In this interview, Katharina Weser reflects on her artistic approach, her recent projects blending documentary, animation and immersion, as well as the technical, financial and narrative challenges specific to XR works. She also shares her vision for the future of immersive storytelling – rooted in artistic rigor, technological exploration, and fidelity to narrative.

Very often, viewers cry inside the headset – and I have never seen so many people cry in a cinema while watching a documentary. That shows how immersion can intensify emotional experience.
– Katharina Weser

You develop and produce hybrid narratives that push the boundaries of storytelling. Could you share one or two recent immersive or audiovisual projects that illustrate the artistic direction you are pursuing?

Katharina Weser – What deeply interests me is finding new ways to tell sometimes very traditional stories. A project I particularly love is Emperor. In my view, it is a documentary – animated and interactive, certainly – but first and foremost a documentary. Genre matters to me: it tells a true story, inspired by a real person. Telling it in virtual reality was, in my opinion, the best possible way to do so. It is an extremely emotional story, and VR is a medium that works exceptionally well with emotion. Very often, viewers cry inside the headset – and I have never seen so many people cry in a cinema while watching a documentary. That shows how immersion can intensify emotional experience.

Emperor © Atlas V – Reynard Films – France Télévisions – PICO

More broadly, what drives me is the exploration of new technologies and new narrative forms. I also co-produced The Clouds Are Two Thousand Meters Up. It is an adaptation of a book, so structurally it is quite classical. I consider it cinema in virtual reality: it is a film in which you can move around. The viewer chooses the viewing angle, yet remains fully immersed in the story from beginning to end.
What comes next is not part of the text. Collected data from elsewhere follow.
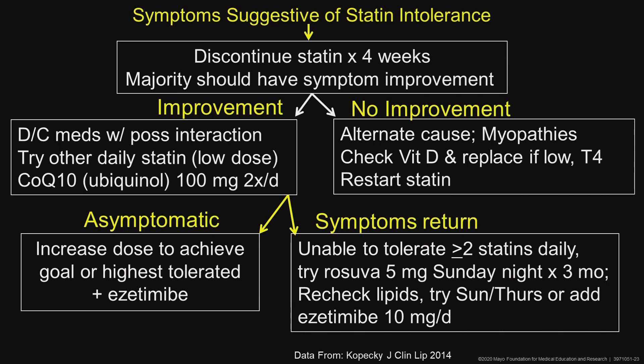If they remain asymptomatic, keep them on the statin, then maybe add ezetimibe at some point. If they get the same symptoms back and are unable to tolerate at least two statins on daily doses, try rosuvastatin 5 milligrams on Sunday night for about three months.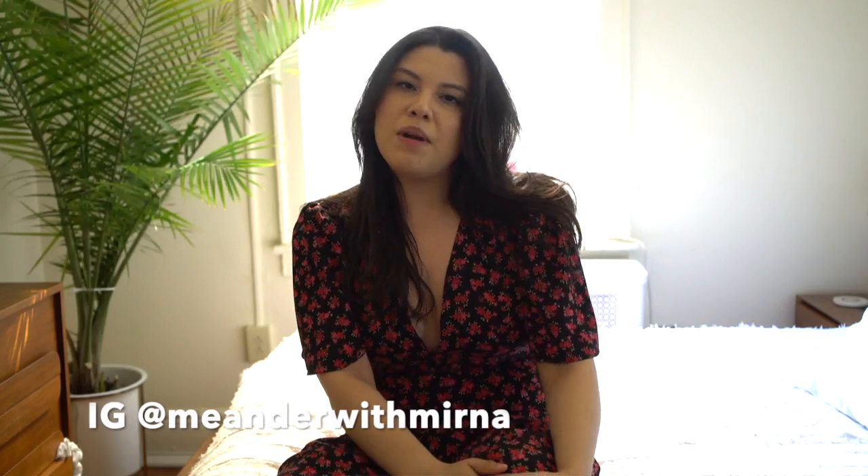Hi guys, welcome back to my channel. I hope everyone's staying safe and sound during this quarantine. I'm on about week three of literally just being home every single day. I live close to New York City, so we're on lockdown. For today's video we're gonna have a Reformation try-on haul. This is a great company if you want something sustainable, very feminine, and great for the feminine body.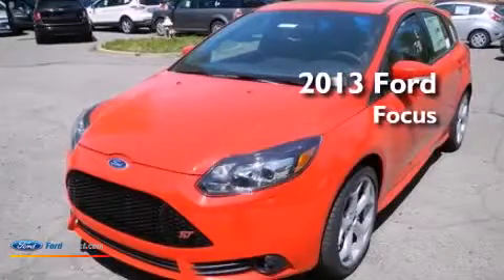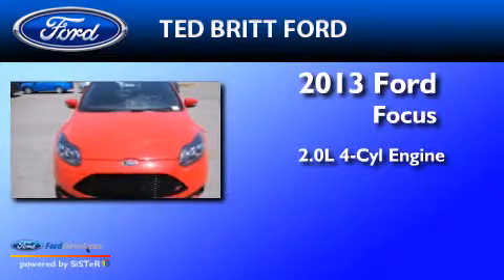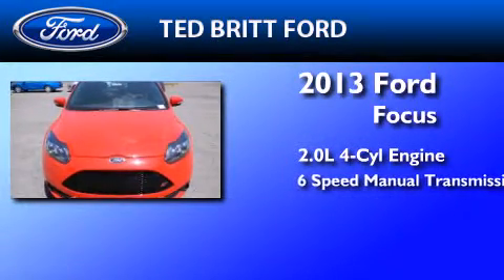This is a brand new 2013 Ford Focus. It features a 2.0-liter four-cylinder engine and a six-speed manual transmission.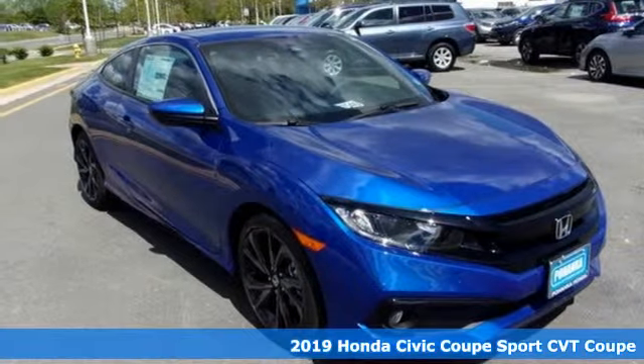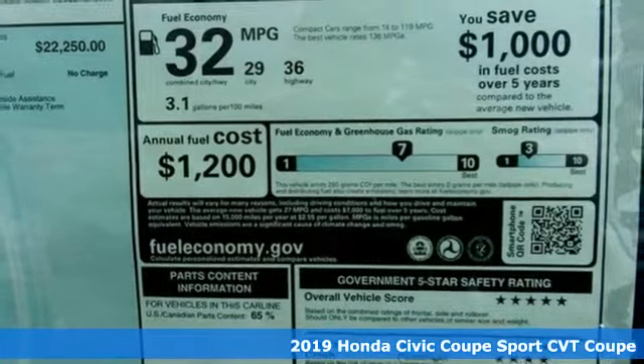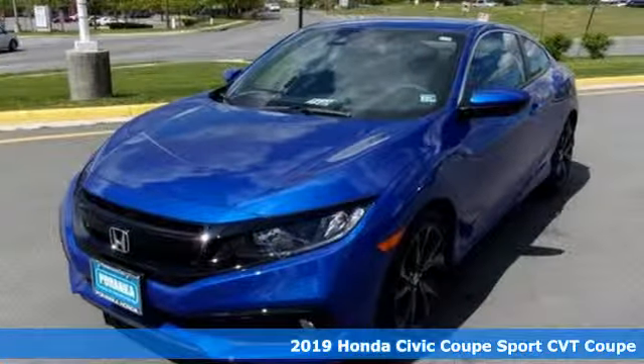It's a new 2019 Honda Civic Coupe. Get more mileage out of every drive with this Civic. You'll look forward to every drive with features like these.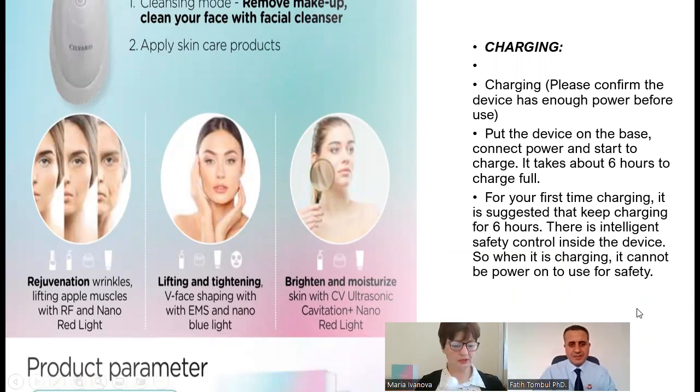Now, how to charge it — it has a special charger and you just connect it to electricity. When you charge it for the first time, it needs to charge for six hours. There is an intelligent safety control inside the device, so when it is charging it cannot be powered on, for safety.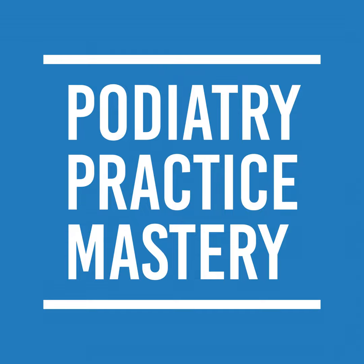Hey guys, happy new year. Welcome to Podiatry Practice Mastery. Starting a new year, 2024. My goal here is to help you build a million dollar practice — a practice where you're producing over a million dollars. I have the Practice Mastery Academy. If you haven't checked it out, go to podiatrypracticemastery.com.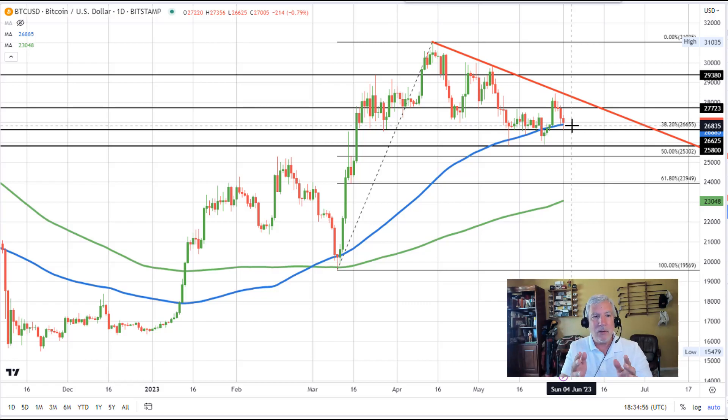That tells me the sellers had their shot and they failed. The buyers are more in control. Now that control lasts only as long as the price can remain above those two technical levels. If we can remain above the 100-day moving average at $26,885, bias remains to the upside. But if we can remain above the 38.2% retracement at $26,655, the bias might be a little more bearish below the 100-day moving average, but the bias still is in favor of the buyers above that level.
You can move very close to the actors, navigate through the space, and feel the dramatic intensity. Today’s technologies allow us to achieve an extremely high level of quality and realism. This particularly interests me because I come from documentary filmmaking: the relationship to reality always remains central in my work.

the clouds are two thousand meters up © Taiwan Public Television Service Foundation – The Walkers Films – Reynard Films
From your experience as a producer, what are the main challenges creators face today when developing XR or hybrid works?

K. W. – The challenges are partly the same as in traditional cinema. Funding is difficult to secure, and in Germany, cultural funding is currently more limited than before. This complicates matters for all creators, whether working in film or XR.

In addition, there are technological challenges. We almost always work with teams who have never produced this type of project before. But in reality, it is nearly impossible to find “highly experienced” teams when you are developing something genuinely new.

Personally, I enjoy these challenges – sometimes I even seek them out. I am currently developing a new documentary using gaussian splatting technology. We are trying to make it work in a standalone version. This approach opens up entirely new possibilities: it allows you to go to places that are otherwise inaccessible and truly be present there in virtual reality. I find it fascinating to see how technology evolves and becomes increasingly realistic.

Looking ahead, what formats, technologies or international collaboration models do you believe will shape the future of immersive storytelling, and how do you see Reynard Films contributing to that evolution?

K. W. – I have remained committed to highly artistic projects, because that is what truly interests me. Of course, the market plays a role, but I have chosen not to develop small online games, even though it could be financially viable. That is simply not my direction.

Today, I am exploring different paths: immersive projection, multi-user VR, and our next project, which is particularly close to my heart – a theatre piece adapted into an immersive format.